I don’t know why all this fuss about Mrs. Marisa Micallef. She should be free to do what the hell she wants. I work in the cradle of the Labour Party. More or less, 95% don’t even know her or who she is, 3% are confusing her with you (Daphne); the few who know what is really happening don’t think she merits her salary, whatever it amounts to, or fits in with the Labour Party.
You seem to be saying, Karl, that 95% of those “in the cradle of the Labour Party” have no idea who someone in the public eye (long time chairman of the Housing Authority, long time newspaper columnist) is. That’s no mean indictment on the awareness of those in the cradle of the party.
Latest news: Joseph Muscat is taking people to the streets – deja vu all over again.
Joseph Muscat’s history is ambiguous at best. On the one hand we have the man who was adamantly against Malta joining the EU, while on the other, we have the man who rejoices at the positive result of the Irish vote.

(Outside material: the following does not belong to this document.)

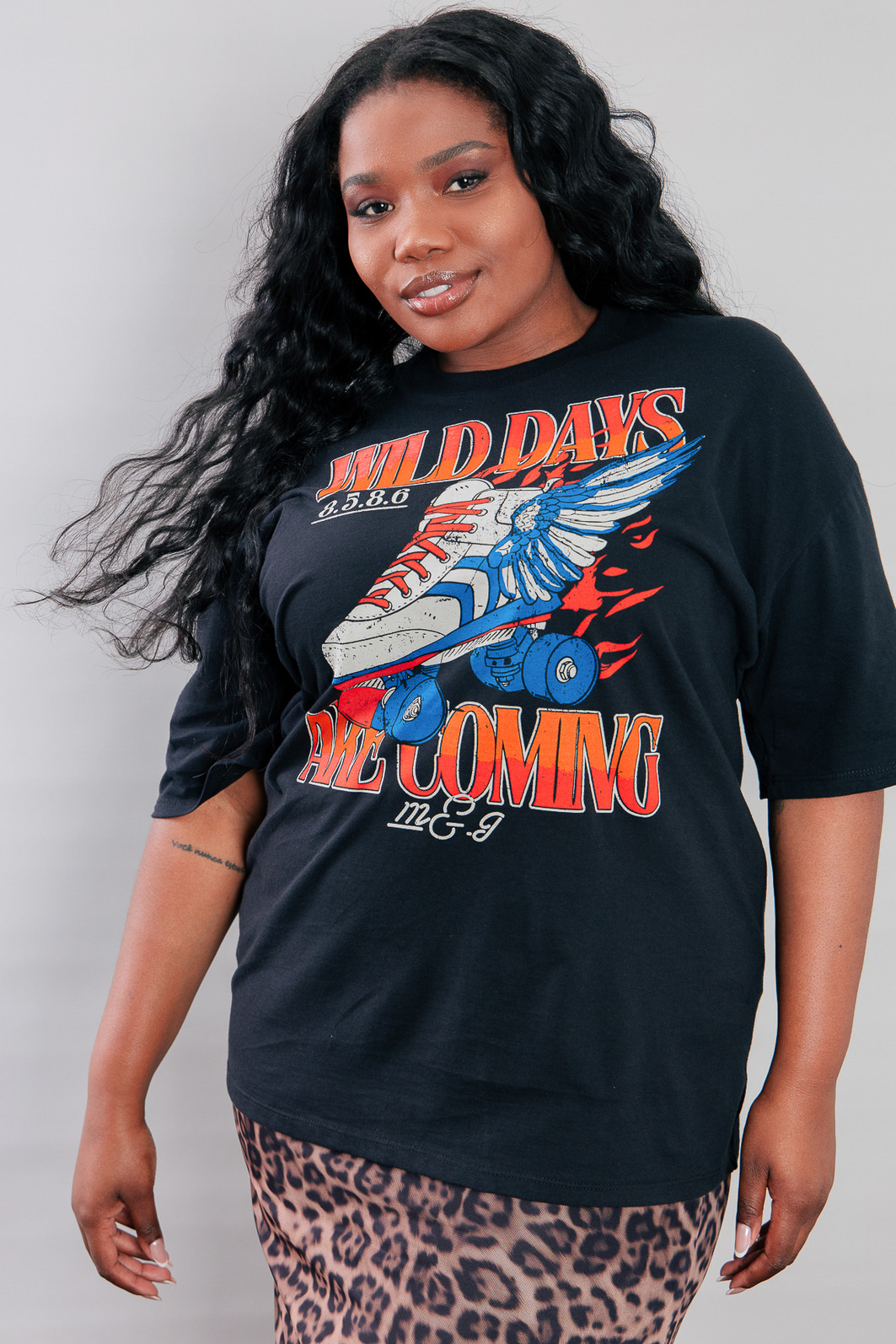 CAMISETA T-SHIRT VINTAGE PRETA WILD DAYS CAMISETA T-SHIRT VINTAGE PRETA WILD DAYS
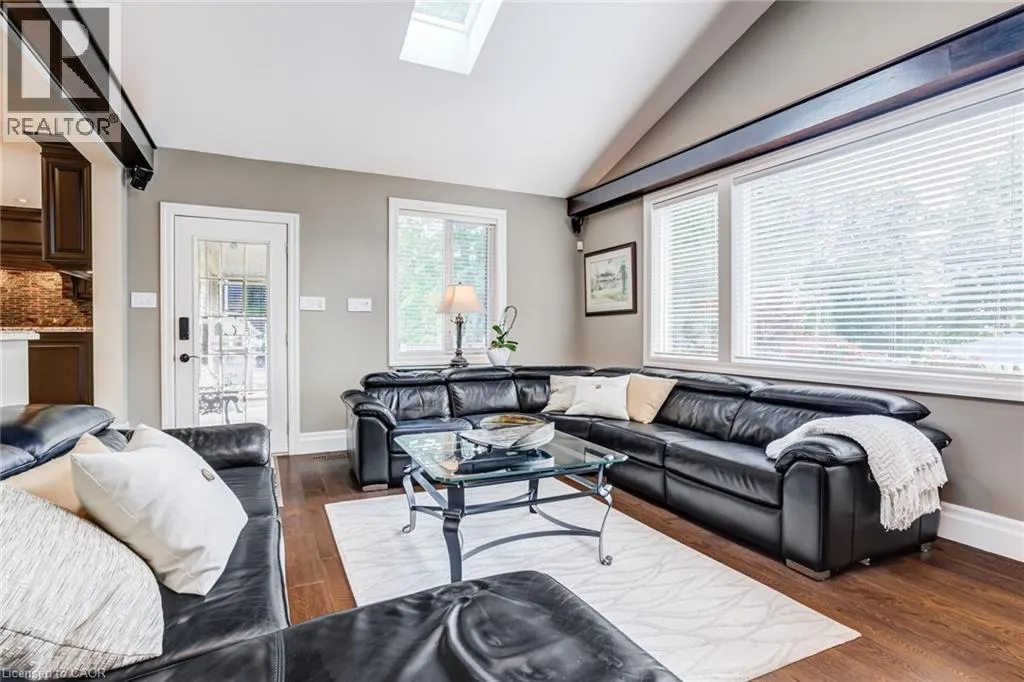 994 COURTLAND Drive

He seems to operate on delay-mode, having relented somewhat and acknowledged – sort of – that the ‘Yes’ vote won in 2003, despite the fact that he couldn’t have become an MEP had the ‘yes’ vote not won. So why did it take him five years to acknowledge the obvious?
Which raises the question: which world is Muscat living in, these days? I think that his split personality allows him to flit between the world of opportunism and the world of illusion, thinking that bringing on board obsolete castaways and modern weather vanes gives his party a winning image.
Of course there are others who think the same way, such as Desmond Zammit Marmara whose blog-post on timesofmalta.com yesterday was called ‘The Labour Party – A National Movement’.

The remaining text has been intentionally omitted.